_Data section_
____________________

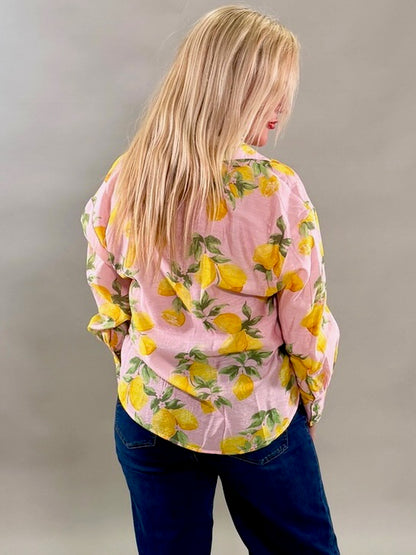 Sunny Lemon-Print Surplice Top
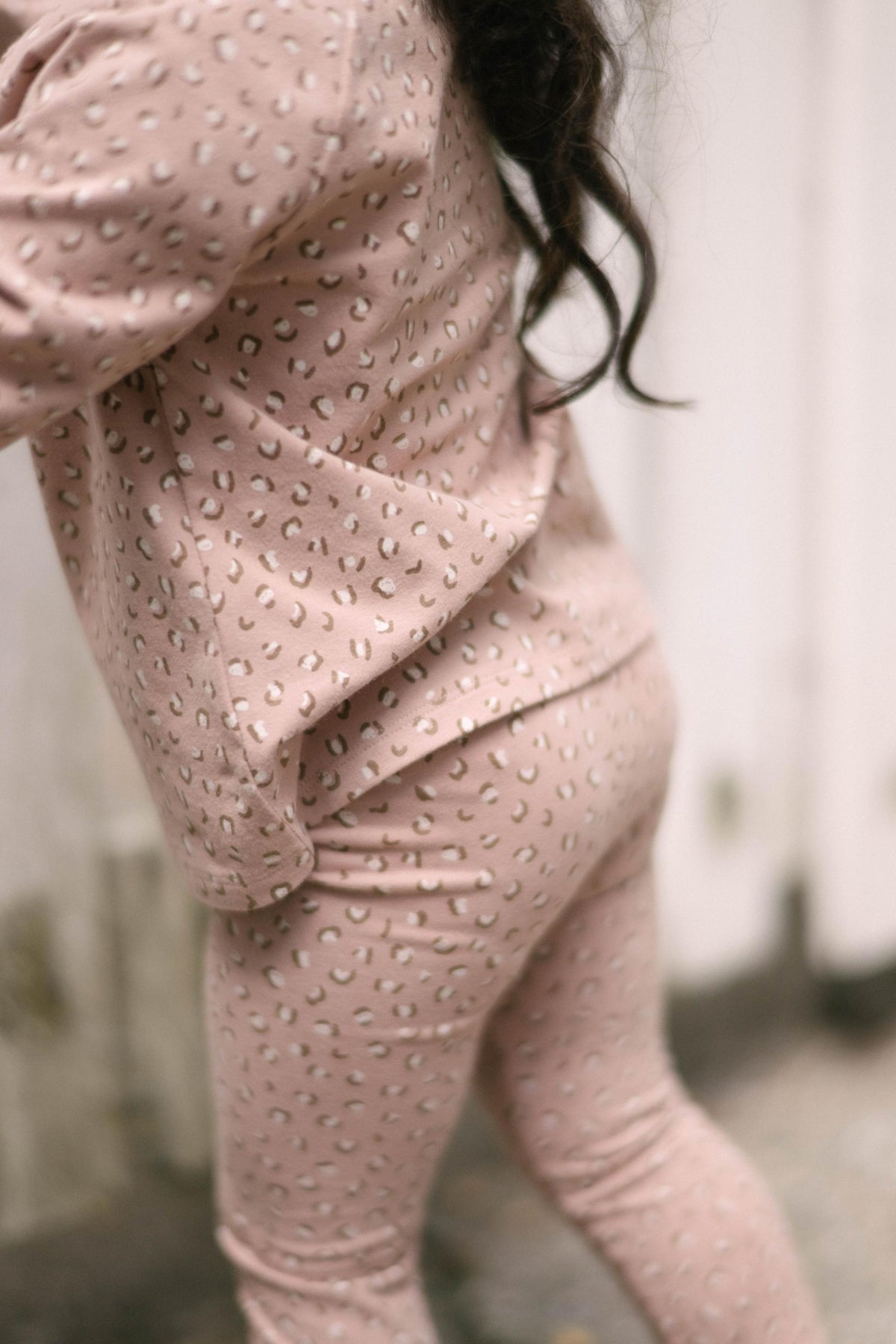 Essentials Raglan Long Sleeve Top - Spotted Pink- On Model- Up Close- Side
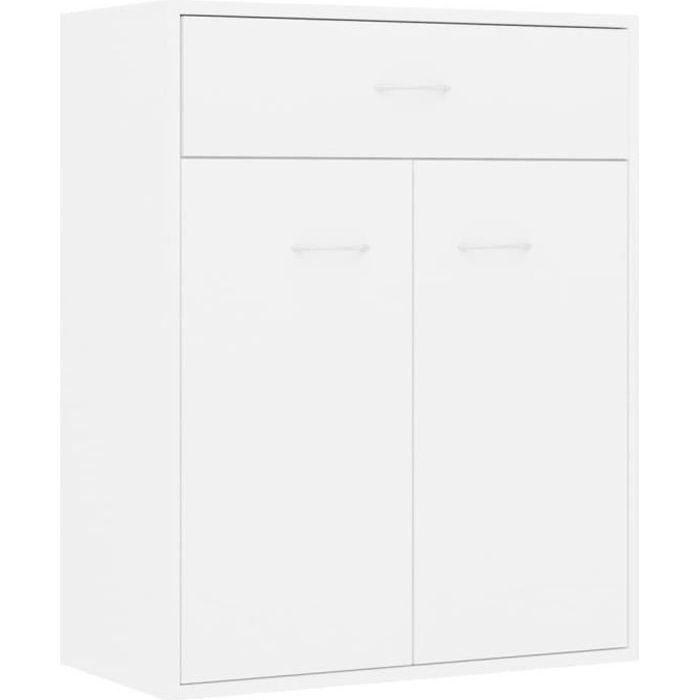 Buffet Commode Meuble de rangement - Bon191804 - Blanc - 60 x 30 x 75 cm - Aggloméré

____________________

_Exercise brief_
Starting at the line that holds "Essentials Raglan Long", write out every remaining line of the material above exactly as it appears. Pictures should not be copied.

_Solution for this exercise_
 Essentials Raglan Long Sleeve Top - Spotted Pink- On Model- Up Close- Side
 Buffet Commode Meuble de rangement - Bon191804 - Blanc - 60 x 30 x 75 cm - Aggloméré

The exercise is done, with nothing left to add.